Global economic conditions add further pressure. Demand for oil is softening due to a slowing global economy, particularly in major markets like China. Saudi Arabia’s strategy of flooding markets to maintain share, as seen in past price wars, risks backfiring. Unlike previous campaigns in 2014 and 2020, which successfully curbed rival production, current efforts may fail to stimulate demand, leaving the kingdom exposed to prolonged low prices. The decision to unwind OPEC+ production cuts, adding nearly a million barrels per day to global supply, has driven prices lower, undermining revenue goals.
Domestically, the kingdom faces challenges in sustaining its social contract. High government spending on wages, subsidies, and infrastructure has long underpinned public support. Over two-thirds of working Saudis are employed by the state, with salaries consuming a significant portion of the budget.
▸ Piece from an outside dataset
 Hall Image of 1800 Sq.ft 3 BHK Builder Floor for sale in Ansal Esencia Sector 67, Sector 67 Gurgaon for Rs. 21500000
Cost-cutting measures, such as subsidy reductions and new taxes, have sparked unease among citizens accustomed to generous welfare. Military spending, including involvement in regional conflicts like Yemen, continues to drain resources, with no clear resolution in sight.
Efforts to diversify the economy are underway but face hurdles. Vision 2030 aims to boost private sector contribution to 65% of GDP by 2030, yet progress is slow. Non-oil sectors like tourism and manufacturing are growing but remain nascent. Local content requirements, such as Saudi Aramco’s push for 70% local procurement by 2025, aim to stimulate domestic industry but may deter foreign investors wary of restrictive regulations. Meanwhile, the kingdom’s young population, with high expectations for jobs and opportunities, adds pressure to deliver tangible results.
Geopolitical factors also play a role. Recent trade deals, including a $142 billion defence agreement with the United States, reflect Saudi Arabia’s strategic priorities but strain finances further. Investments in artificial intelligence and other sectors are part of a broader push to position the kingdom as a global player, yet these come at a time when fiscal prudence is critical. The kingdom’s ability to navigate these commitments while addressing domestic needs will be a delicate balancing act.
Saudi Arabia is not without tools to avert crisis. Its low production costs provide a competitive edge, and its substantial reserves, though diminished, offer a buffer. The government has signalled readiness to cut costs and raise borrowing, potentially delaying or scaling back some Vision 2030 projects. Privatisation and public-private partnerships could alleviate fiscal pressure, as could a rebound in oil prices, though the latter seems unlikely in the near term. The kingdom’s bankruptcy law, overhauled in 2018, provides a framework for restructuring distressed entities, potentially mitigating corporate failures.
However, the path forward is fraught with risks. Continued low oil prices, failure to diversify revenue streams, and unchecked spending could deplete reserves within years. A devaluation of the Saudi riyal, pegged to the US dollar, looms as a possibility, which could trigger inflation and unrest. Political stability, long tied to economic prosperity, may be tested if public discontent grows. The kingdom’s leadership must act decisively to reform spending, accelerate diversification, and bolster non-oil growth to avoid a financial reckoning.
Saudi Arabia stands at a crossroads. Its vision for a diversified, modern economy is ambitious, but the realities of a volatile oil market and mounting debt threaten to derail progress. Without bold reforms, the kingdom risks sliding towards financial distress, a scenario that would reverberate across the region and beyond. The coming years will test whether Saudi Arabia can redefine its economic model or succumb to the weight of its own ambitions.